NHS Dumfries & Galloway

Fast-moving COVID-19 vaccination programme reaches 65 to 69 year olds

COVID-19 vaccinations are being rolled out to people in the region aged 65 to 69 from today – as the vaccination programme continues at speed.  

All care home residents and staff who took up the opportunity were vaccinated before Christmas, the bulk of front line health and social care staff have had their first jab, and most people aged 80 and over have now received theirs.  

Across the first two weeks of February vaccinations will now take place not just for people aged 70 and over as well as those people who are shielding, but also now for those in the 65 to 69 age group.  

An extra five vaccination locations are being added to the 22 which already exist across the region, with this expansion possible via an increased availability of vaccine supplies and careful logistical management of these stocks.  

Dumfries and Galloway Health and Social Care Partnership Chief Officer Julie White said: “The vaccination programme in Dumfries and Galloway has been progressing very positively – with first vaccinations being provided at a pace which matches the supply of vaccine stocks and meets the national schedules set by The Scottish Government.  

“We’re pleased to say that most people aged 80 and over will now have received their first dose of the vaccine, and that, as the programme moves on, we are able to advance it a little further to include all of those aged 65 and over.   

“Recognising the significant size of our population aged 65 to 69, and based on vaccine stock expectations, we have made arrangements to also begin delivering vaccinations to this group from today.
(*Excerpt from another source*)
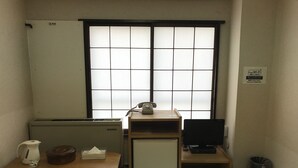 R. Triple Japanese Style Room, Non Smoking, Shared Bathroom | Room amenity - Kinuya Honkan (Tokyo)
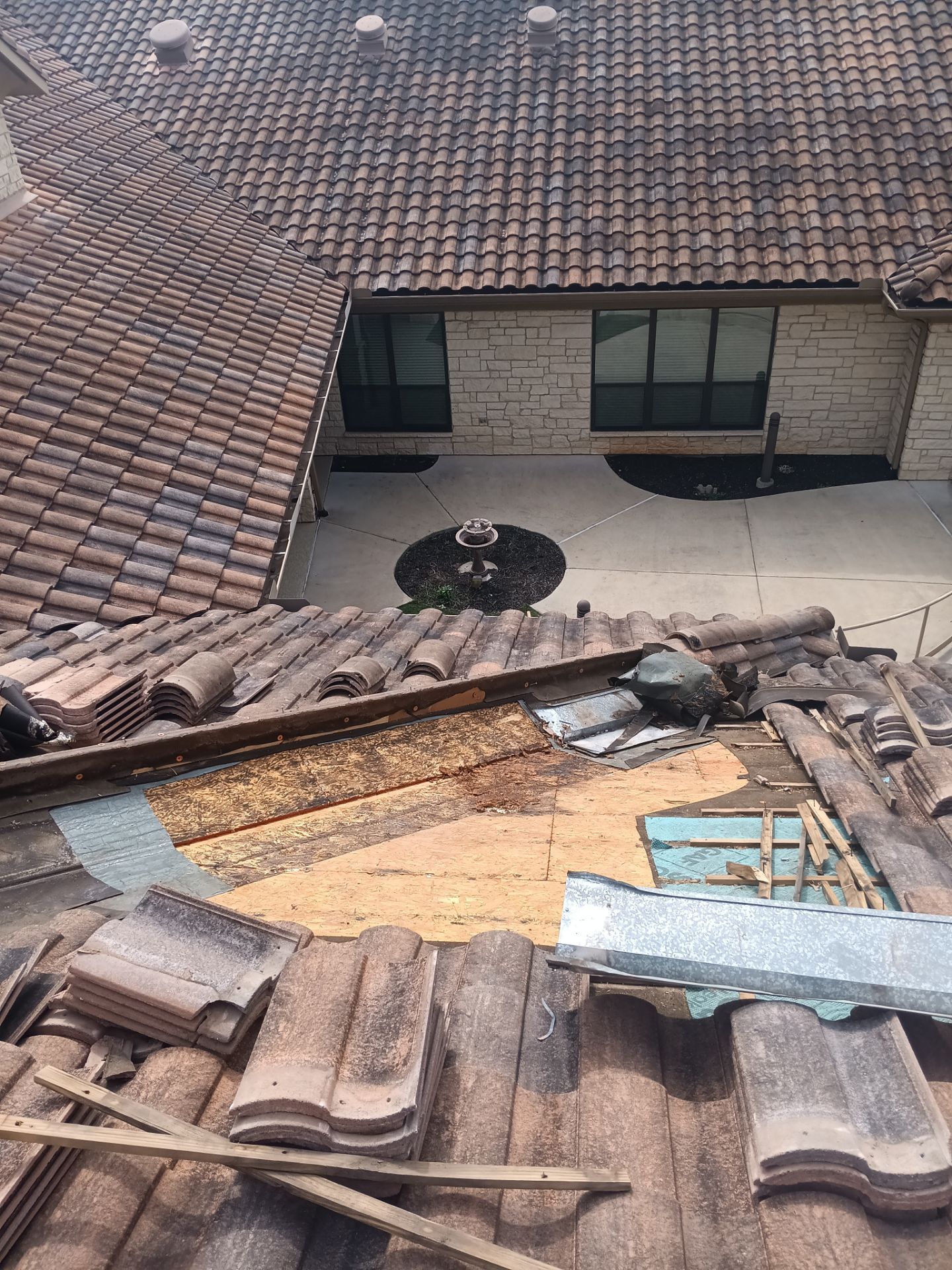 Roof Repair Sugarland by Roof Repair Company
As ever, this is by invitation, and so we would ask people to remain patient until they are contacted and provided with their appointment. We’d ask them to be aware that vaccinations may be taking place at more than one location in their community, and so to only follow the directions provided to them individually.  

“The aim is to complete the programme for those aged 65 to 79 within the next two weeks, by February 14. This will mean that a very large number of people in our region most at risk from COVID-19 will have been provided with some degree of protection. This will be highly significant, but it won’t mean that our struggle with the coronavirus is over.  

“It is crucial that anyone who receives their vaccination against COVID-19 continues to protect themselves, their loved ones and communities by continuing to follow the national guidance. This means continuing to wear face coverings as directed, maintaining hand hygiene and physical distancing. It also means immediately self-isolating along with family and arranging a COVID-19 test if experiencing any symptoms.  

“We’re making good progress, but we can’t afford the consequences of what might follow if we let our guard down at this point – either individually or as a region.”  

Twenty-two venues across the region in the form of town halls and sports centres were already being employed by NHS teams to provide vaccinations, now joined by a further five. Community nurses have meanwhile been providing vaccinations to those people who are unable to leave their home.  

A number of GP practices are now helping to deliver vaccines – allowing for a mixed model of larger and smaller venues. GP practices are playing a key role in arranging appointments for those eligible for COVID vaccination, balancing this role with their continuing work serving the communities.  

As stated, everyone eligible to be vaccinated is asked to wait until they receive an invitation. Arrangements for other recipient groups as identified by the Scottish Government will be provided in due course.   

Information on vaccinations is available through the national helpline, which can be phoned between 8 am and 8 pm seven days a week on 0800 030 8013.